Cinemath: Do I Agree With IMDB Users? A Statistical Analysis of My IMDB Ratings

     November 27, 2011


I obsessively rate every movie I’ve ever seen on IMDB.  I started doing this when I was about 20 years old, so there are gaps between my memory of my adolescent viewing habits and this list.  But the record says I have seen 1,165 feature films, which must account for pretty much all of them.  At the very least, it’s a lot of data, and I’d like to do something with it for Cinemath, my semi-regular* feature that combines the wonder of movies with the tedium of mathematical analysis.

Since the list is stored on IMDB, every movie I rated conveniently has the public rating right next to it.  I am curious how often I agree with the public, and lucky for me, there are statistical tools to evaluate exactly that.  So after the jump, see how my ratings compare to those of the IMDB voting public, along with a few graphs of my viewing habits.

Props to IMDB, who made this a lot easier by allowing lists to be exported into .csv files with your rating, the IMDB average rating, runtime, and number of votes, among other categories.  I removed everything I’ve seen that has under 1,000 votes (sorry, Mongolian Ping Pong), which left 1,157 feature films in the dataset.

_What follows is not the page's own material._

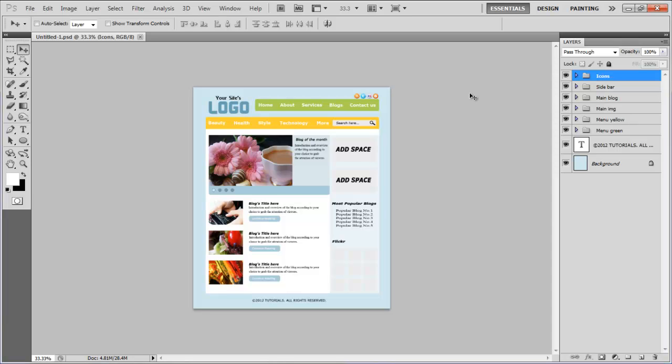In this last part of the tutorial, we will guide you on how to add effects into a blog layout. First of all, launch Adobe Photoshop and load the blog layout which we created in the previous part.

We’ll get to the good stuff soon, but first, indulge me in a look at my viewing habits.  The first graph is a histogram that counts the number of films I have seen for every release year since 1920.

Obviously there is a spike after I was, you know, born.  (In 1988, if that helps put 1,165 movies into perspective.)  A couple notes:

  • I haven’t seen more than 8 movies from any given year before 1979.
  • My biggest years are 2004 and 2009, each of which yielded 62 movies I have seen.
  • I think of 2004 as the movie I officially became a cinephile rather than just an avid moviegoer.  I have seen at least 50 movies from every year since 2004.

There are hundreds new releases every year, so there are absolutely gaps in my film knowledge.  But I am averaging over 50 movies for every year I’ve been alive, which seems respectable  for a part-time movie blogger.

The next graph breaks down the distribution of movies by runtime. (The notation [90,99] means “between 90 and 99 minutes.”)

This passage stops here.